Performing some algebraic shenanigans on the above, this is equivalent to

$$P\left(\bar{x}-1.96\frac{\sigma}{\sqrt{n}}<\mu<\bar{x}+1.96\frac{\sigma}{\sqrt{n}}\right)=0.95$$

HUGE Question What is the significance of the above probability statement????

HUGE Answer: The value $\displaystyle 1.96\frac{\sigma}{\sqrt{n}}$ is the margin of error for the $95\%$ confidence interval!

In other words: when we calculate the sample mean $\bar{x}$, there is a $95\%$ chance that the true population mean $\mu$ is between the values $$\bar{x}-1.96\frac{\sigma}{\sqrt{n}} \mbox{ and } \bar{x}+1.96\frac{\sigma}{\sqrt{n}}.$$

Important Vocab and Notation:

Draw a simple random sample of size $n$ from a population with mean $\mu$ and standard deviation $\sigma$, then the $95\%$ confidence interval for the mean $\mu$ is

$$\left(\bar{x}-1.96\frac{\sigma}{\sqrt{n}}, \bar{x}+1.96\frac{\sigma}{\sqrt{n}}\right).$$

Example:

Below is the height of all the citizens of Squaresville. The true mean height is $\mu=$ and standard deviation $\sigma=$. Let's suppose that we don't know this and sample citizens to estimate the true mean height with the $95\%$ confidence interval $\color{red}{\displaystyle \left(\bar{x}-1.96\frac{\sigma}{\sqrt{n}}, \bar{x}+1.96\frac{\sigma}{\sqrt{n}}\right)}.$

A Kind of Pesky Question: What if we wanted a $99\%$ confidence interval?
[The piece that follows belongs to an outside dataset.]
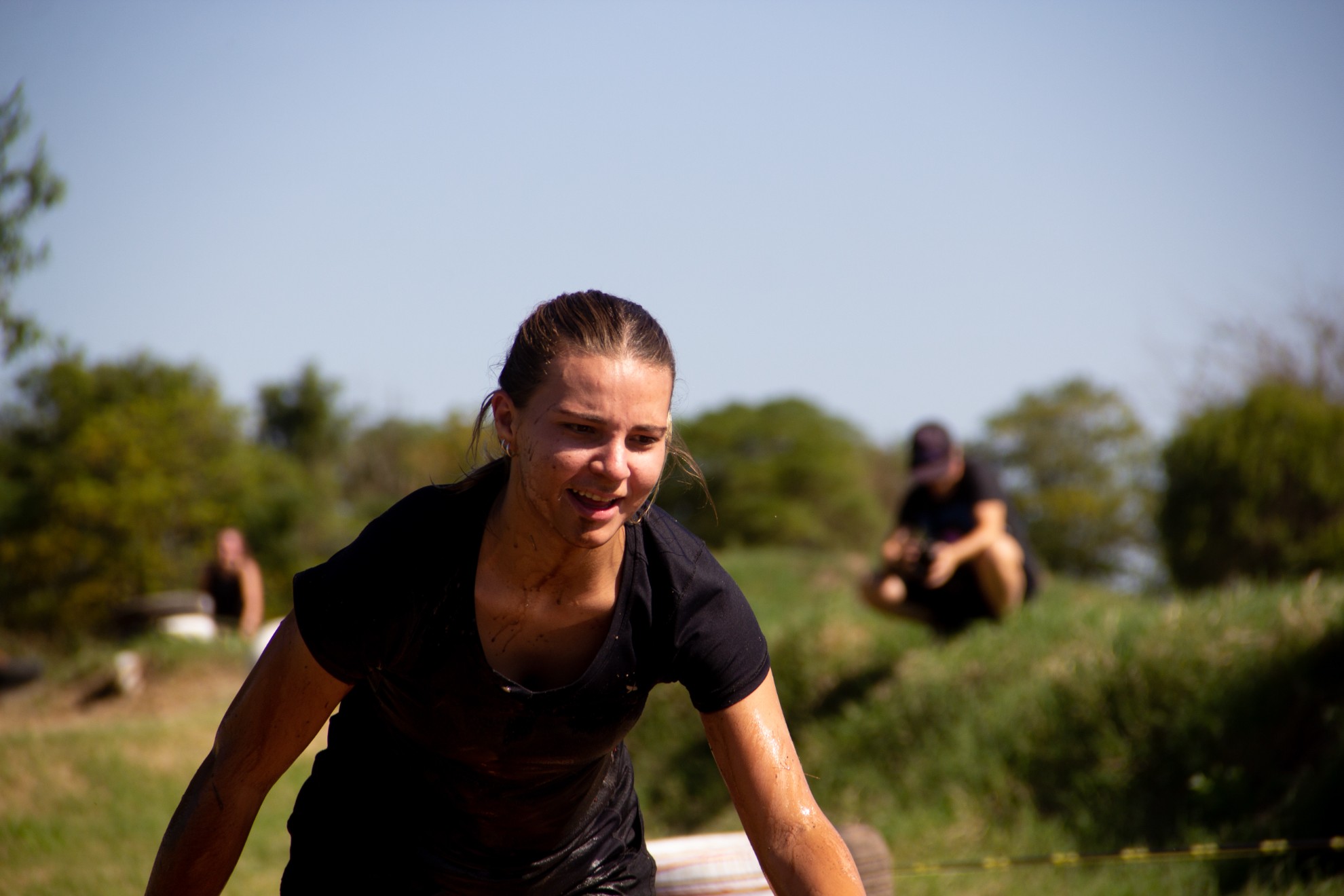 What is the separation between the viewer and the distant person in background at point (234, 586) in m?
12.1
A Sort of Nice Answer: We wouldn't have used the value of $1.96$ in our calculation. Instead, we would have used $2.576$.

Why, you ask? Because on a standard normal curve $99\%$ percent of all observations lie between $-2.576$ and $2.576$.

The value of $z$ on the standard normal table which which captures some percentage (i.e., $95\%,$ $99\%,$ etc.) of all values is denoted $z^*$.

Example: Below is the height of all the citizens of Squaresville. The true mean height is $\mu=$ and standard deviation $\sigma=$. Let's suppose that we don't know this and sample citizens to estimate the true mean with the $99\%$ confidence interval $\color{red}{\displaystyle \left(\bar{x}-2.576\frac{\sigma}{\sqrt{n}}, \bar{x}+2.576\frac{\sigma}{\sqrt{n}}\right)}.$

A modest table of values of $z^*$: $$ \begin{array}{c|cc} \hline \mbox{Confidence Level $C$} & 90\% & 95\% & 99\%\\ \hline \mbox{Critical Value $z^{*}$} & 1.645 & 1.96 & 2.576 \\ \hline \end{array} $$

General Confidence Interval

Choose the value of $z^*$ corresponding to $C\%$, and the $C\%$ confidence interval is $$\left(\bar{x}-z^{*}\frac{\sigma}{\sqrt{n}}, \bar{x}+z^{*}\frac{\sigma}{\sqrt{n}}\right).$$

A Truly Pesky Question: We don't know $\mu$. How do we know $\sigma$?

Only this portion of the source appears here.